If you go to sleepaway camp, there's probably a nurse on staff. Your school is likely to have one, too. Nurses make up the largest share of health care professionals in the United States and around the world.
The founder of modern nursing was Florence Nightingale. Nursing wasn't always a respected occupation. In the mid-1800s, when Nightingale was growing up, wealthy British families like hers wanted just one "job" for their daughters: to marry and raise a family.
Educated at home, Nightingale excelled in math and languages. She could read and write six languages at an early age. In her teens she began feeling "calls from God" to lessen human suffering, she said. She thought that becoming a nurse was the best way to do this.
Her parents said no, that nursing was not proper for a young woman of her social class. But she persisted. When she was age 30, she traveled to Germany for nurses training. By 1853 she was head of a hospital in London, England, for governesses, women who couldn't afford private care but would not consider going to a public facility.
Nightingale's worldwide fame as a nurse resulted from the Crimean War (1853-1856), during which Russia fought the Ottoman Empire, Britain and France.
When the British people learned of the terrible conditions in their army hospitals — where many more soldiers died of infection than war wounds — they demanded change. Nightingale was asked to lead a group of 38 nurses to the military field hospital at Scutari (in present-day Istanbul, Turkey).
The facility was crowded and filthy. There was little medicine and no soap, clean linens or drinking water. Rats ran under the beds. Lice and fleas were everywhere.
Some of the men running the hospital considered Nightingale unladylike and a nuisance. But she kept pushing as her nurses worked to clean up the place and care for patients. Healthy food, clean clothing, medicines and other supplies were provided. A special team arrived from Britain to flush out the sewers and improve airflow indoors. The hospital's death rate dropped substantially.
Nightingale's workday never ended.

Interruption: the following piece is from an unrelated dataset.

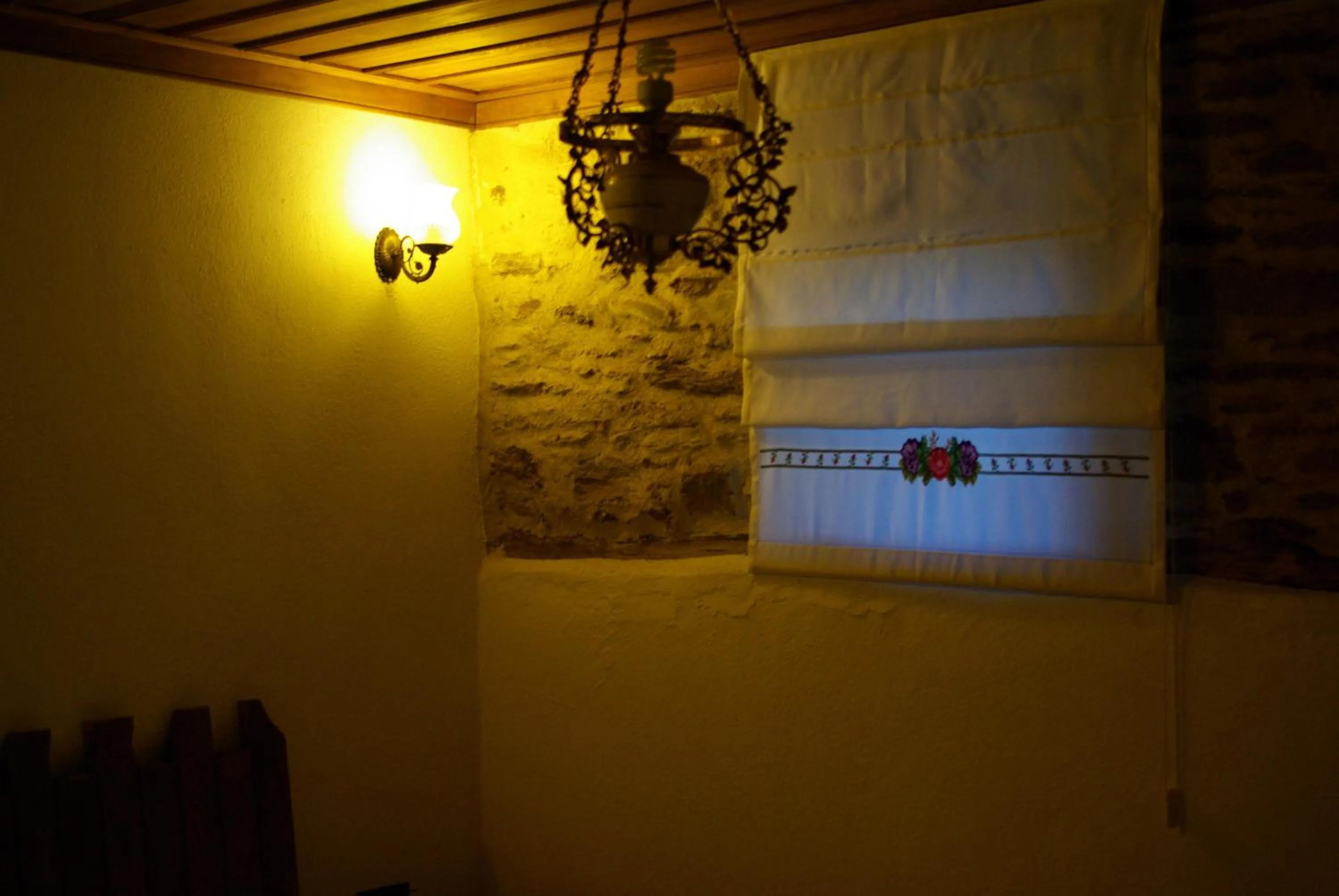 Photo of the whole room in Birgi Hotel Saliha Hanim Tas Konak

At night she walked the wards comforting the wounded, sometimes writing letters to home for them. They called her "the Lady with the Lamp" and "the Angel of Crimea."
She did this despite having become very ill shortly after arriving at the hospital in 1855. There was no effective treatment for her disease, probably caused by drinking contaminated milk, and it afflicted her for decades.

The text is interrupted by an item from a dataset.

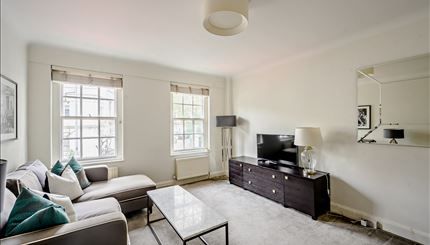 Thumbnail Flat to rent in Fulham Road, London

Still, she kept working. She created a statistics diagram showing how better hygiene in hospitals saves lives. She established the world's first professional nursing school, now part of King's College London. The United States government consulted her about its field hospitals in the Civil War, and officials in India sought her advice about public health. Her books on hospitals and nursing are still read by health care workers today, 112 years after her death.
Thanks to Nightingale, the public came to regard nursing as an important and honorable profession, something the coronavirus pandemic has reemphasized. And it's not just a job for women: 10 percent of today's nurses are men, according to the World Health Organization. That, too, is something to celebrate.